■ Data to examine:
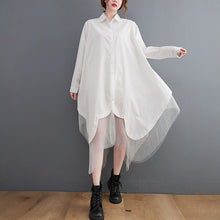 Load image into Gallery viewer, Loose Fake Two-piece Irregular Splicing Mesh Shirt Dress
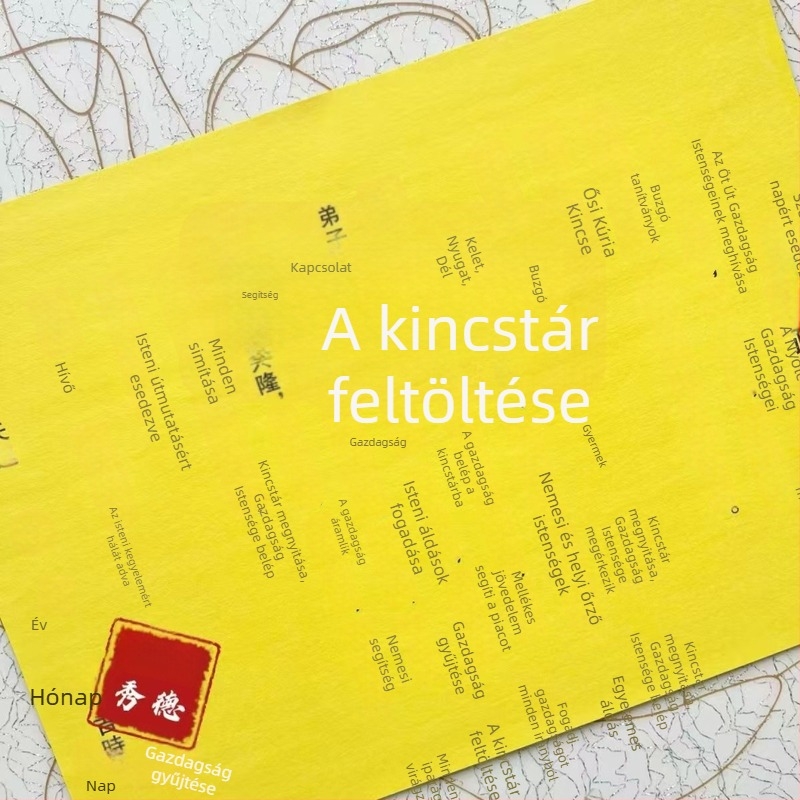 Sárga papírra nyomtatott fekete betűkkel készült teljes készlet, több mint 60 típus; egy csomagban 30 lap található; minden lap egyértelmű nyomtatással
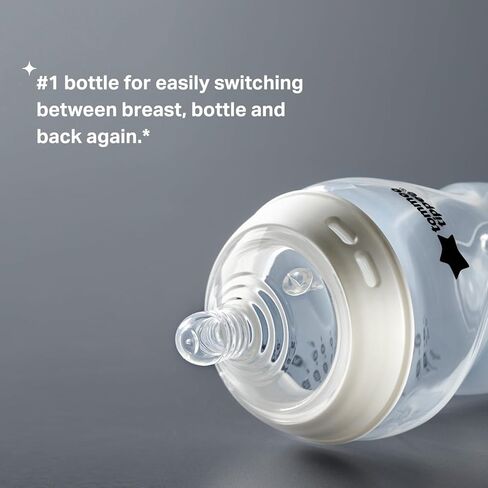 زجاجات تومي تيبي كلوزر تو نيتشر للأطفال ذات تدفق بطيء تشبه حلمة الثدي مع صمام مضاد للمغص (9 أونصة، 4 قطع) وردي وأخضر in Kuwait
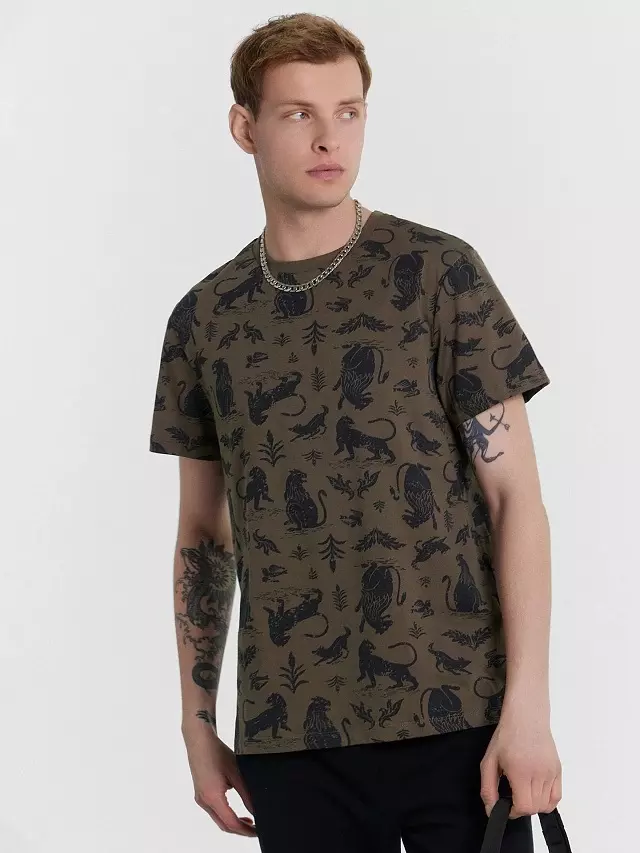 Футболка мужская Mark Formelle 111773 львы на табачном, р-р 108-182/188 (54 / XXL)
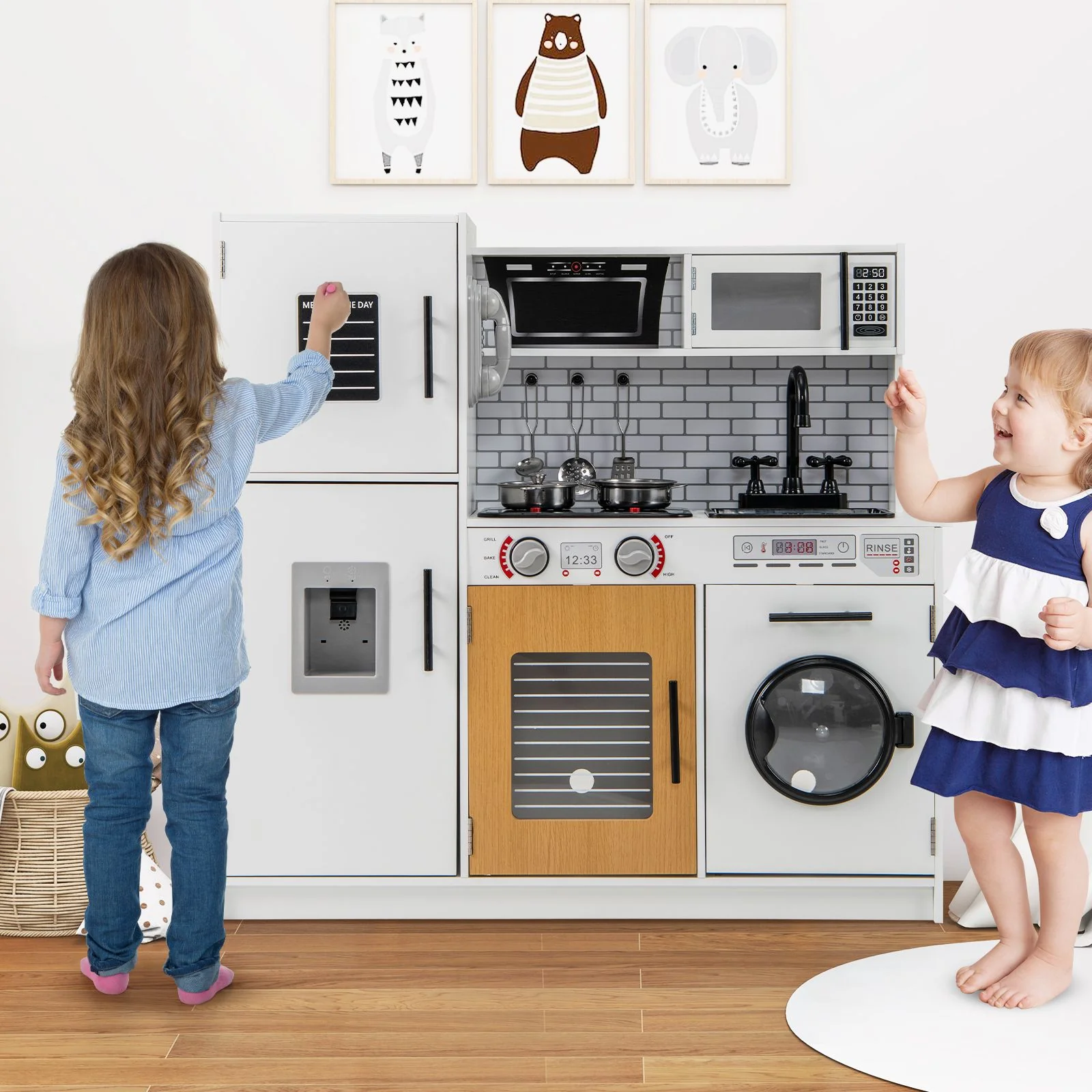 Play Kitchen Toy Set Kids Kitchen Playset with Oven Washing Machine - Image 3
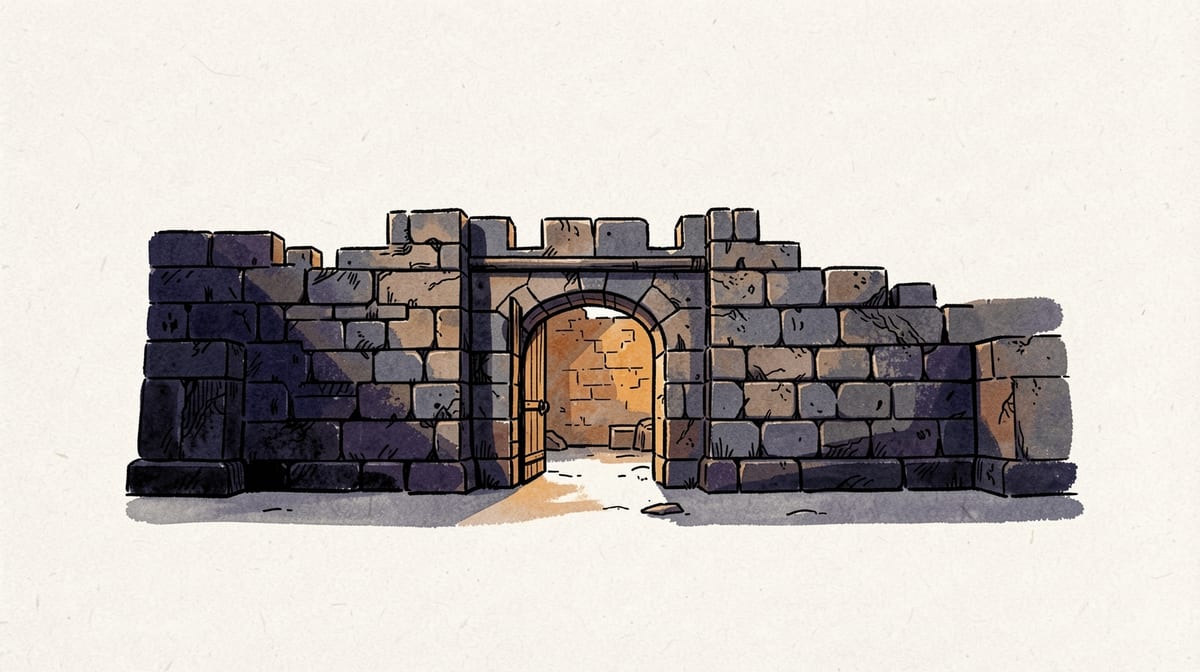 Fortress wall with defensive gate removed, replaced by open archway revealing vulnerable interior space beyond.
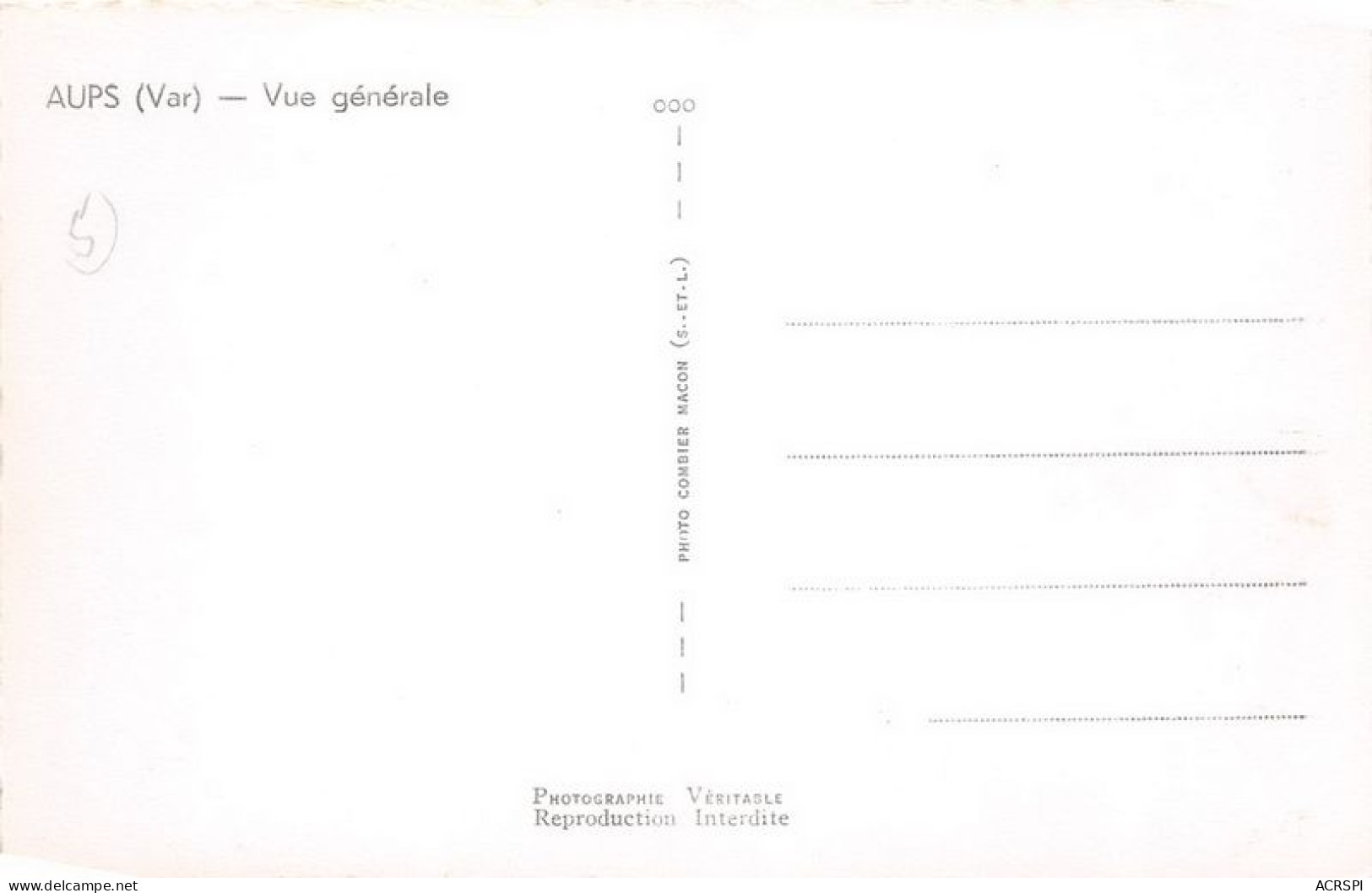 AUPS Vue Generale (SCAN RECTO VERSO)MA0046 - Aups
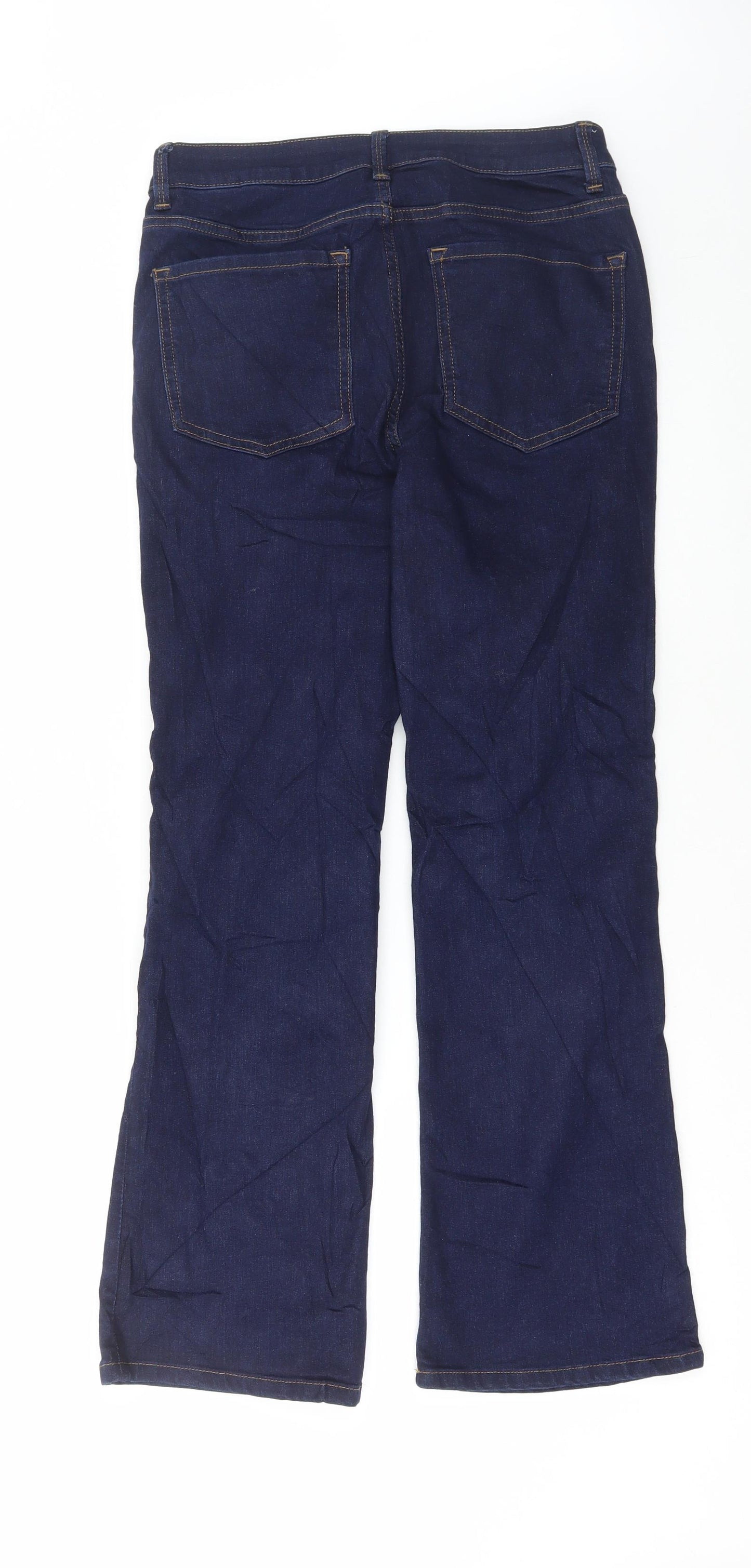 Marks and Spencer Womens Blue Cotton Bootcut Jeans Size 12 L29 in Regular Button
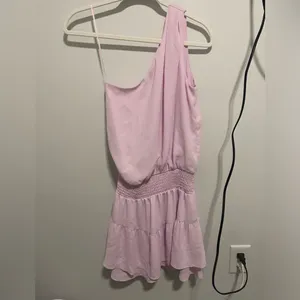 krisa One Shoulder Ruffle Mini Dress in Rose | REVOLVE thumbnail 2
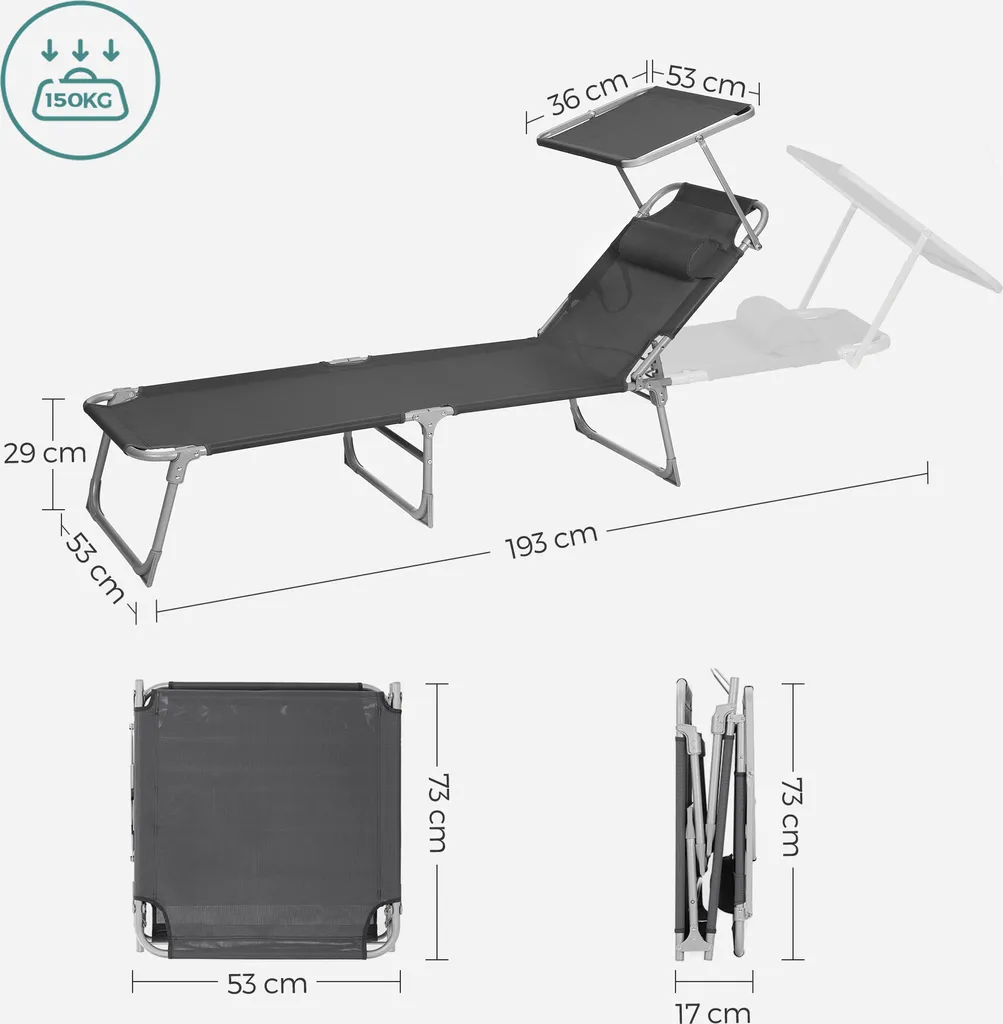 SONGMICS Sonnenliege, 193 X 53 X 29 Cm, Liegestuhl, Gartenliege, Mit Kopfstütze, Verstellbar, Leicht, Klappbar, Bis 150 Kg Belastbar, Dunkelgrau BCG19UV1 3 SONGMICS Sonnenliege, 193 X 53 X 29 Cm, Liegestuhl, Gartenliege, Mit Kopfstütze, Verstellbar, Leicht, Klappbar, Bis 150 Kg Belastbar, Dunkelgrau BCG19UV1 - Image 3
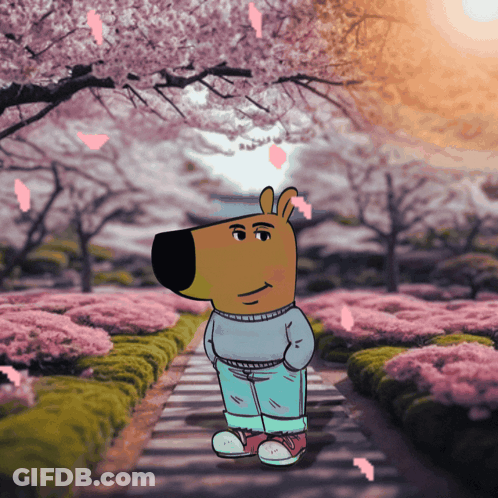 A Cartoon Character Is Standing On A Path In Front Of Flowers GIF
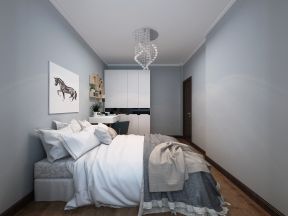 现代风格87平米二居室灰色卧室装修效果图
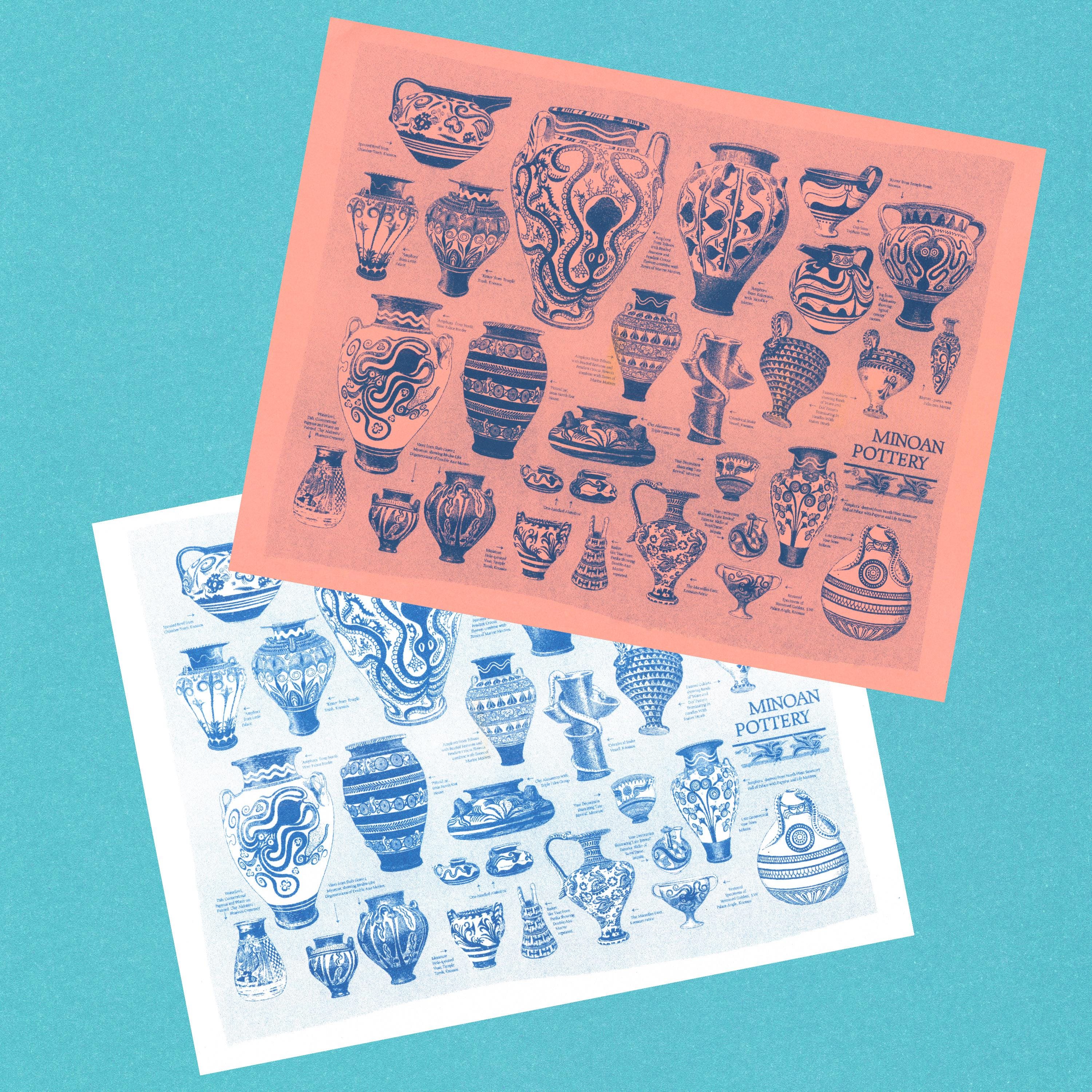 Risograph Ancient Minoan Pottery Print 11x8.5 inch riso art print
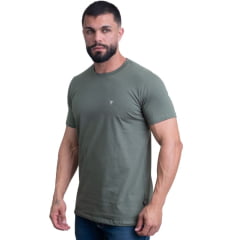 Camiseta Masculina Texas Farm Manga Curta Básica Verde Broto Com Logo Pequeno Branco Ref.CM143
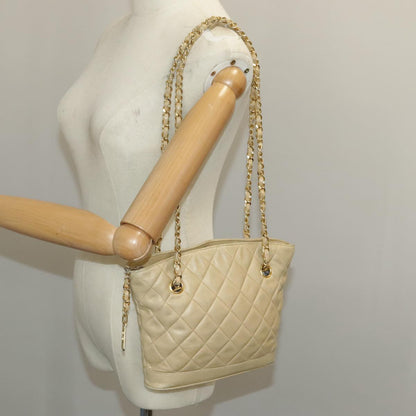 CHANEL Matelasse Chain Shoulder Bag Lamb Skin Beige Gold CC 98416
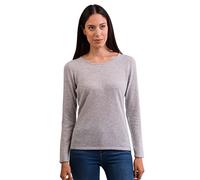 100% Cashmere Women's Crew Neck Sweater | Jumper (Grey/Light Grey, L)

■ Directions: Write out the listing above exactly, images omitted.

■ Problem solution:
 Load image into Gallery viewer, Loose Fake Two-piece Irregular Splicing Mesh Shirt Dress
 Sárga papírra nyomtatott fekete betűkkel készült teljes készlet, több mint 60 típus; egy csomagban 30 lap található; minden lap egyértelmű nyomtatással
 زجاجات تومي تيبي كلوزر تو نيتشر للأطفال ذات تدفق بطيء تشبه حلمة الثدي مع صمام مضاد للمغص (9 أونصة، 4 قطع) وردي وأخضر in Kuwait
 Футболка мужская Mark Formelle 111773 львы на табачном, р-р 108-182/188 (54 / XXL)
 Play Kitchen Toy Set Kids Kitchen Playset with Oven Washing Machine - Image 3
 Fortress wall with defensive gate removed, replaced by open archway revealing vulnerable interior space beyond.
 AUPS Vue Generale (SCAN RECTO VERSO)MA0046 - Aups
 Marks and Spencer Womens Blue Cotton Bootcut Jeans Size 12 L29 in Regular Button
 krisa One Shoulder Ruffle Mini Dress in Rose | REVOLVE thumbnail 2
 SONGMICS Sonnenliege, 193 X 53 X 29 Cm, Liegestuhl, Gartenliege, Mit Kopfstütze, Verstellbar, Leicht, Klappbar, Bis 150 Kg Belastbar, Dunkelgrau BCG19UV1 3 SONGMICS Sonnenliege, 193 X 53 X 29 Cm, Liegestuhl, Gartenliege, Mit Kopfstütze, Verstellbar, Leicht, Klappbar, Bis 150 Kg Belastbar, Dunkelgrau BCG19UV1 - Image 3
 A Cartoon Character Is Standing On A Path In Front Of Flowers GIF
 现代风格87平米二居室灰色卧室装修效果图
 Risograph Ancient Minoan Pottery Print 11x8.5 inch riso art print
 Camiseta Masculina Texas Farm Manga Curta Básica Verde Broto Com Logo Pequeno Branco Ref.CM143
 CHANEL Matelasse Chain Shoulder Bag Lamb Skin Beige Gold CC 98416
 100% Cashmere Women's Crew Neck Sweater | Jumper (Grey/Light Grey, L)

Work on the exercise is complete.